Omit all pictures and transcribe only the lines in the entries below that run from the line with "White Robe small - Picture 2 of 3" through the line with "Natural Fingernails Manicures, Long".

**** Data supplied

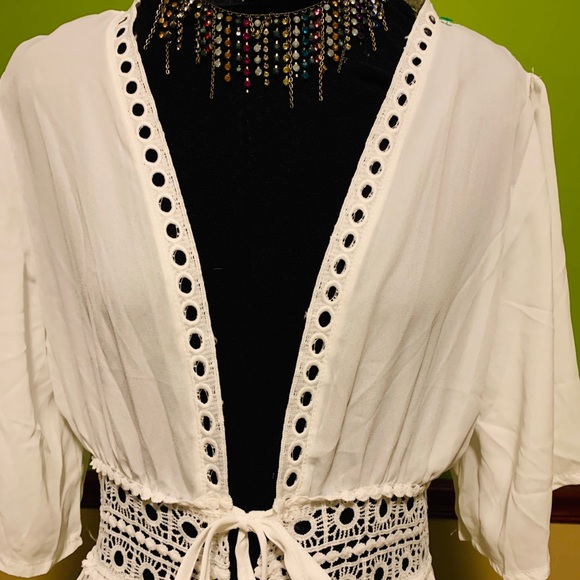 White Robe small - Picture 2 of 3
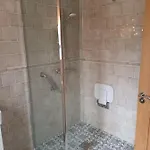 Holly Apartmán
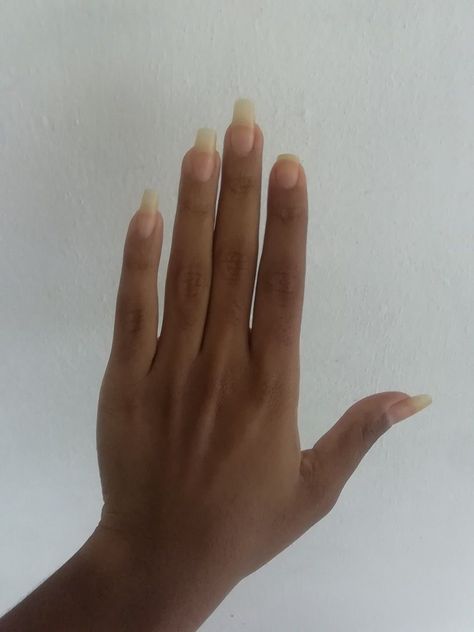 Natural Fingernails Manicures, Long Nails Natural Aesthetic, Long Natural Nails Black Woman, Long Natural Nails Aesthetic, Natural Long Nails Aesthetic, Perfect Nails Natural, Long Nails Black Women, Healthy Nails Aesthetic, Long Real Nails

********
**** Data supplied

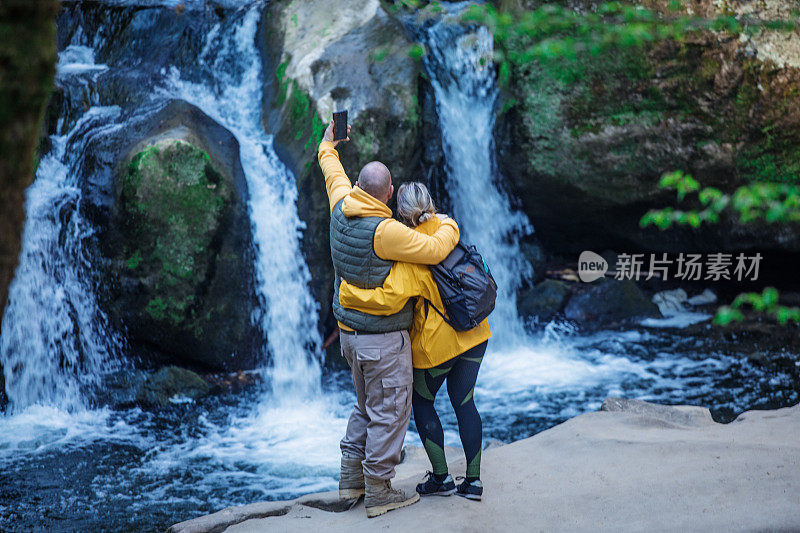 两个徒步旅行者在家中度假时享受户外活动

********

[Written answer]
 White Robe small - Picture 2 of 3
 Holly Apartmán
 Natural Fingernails Manicures, Long Nails Natural Aesthetic, Long Natural Nails Black Woman, Long Natural Nails Aesthetic, Natural Long Nails Aesthetic, Perfect Nails Natural, Long Nails Black Women, Healthy Nails Aesthetic, Long Real Nails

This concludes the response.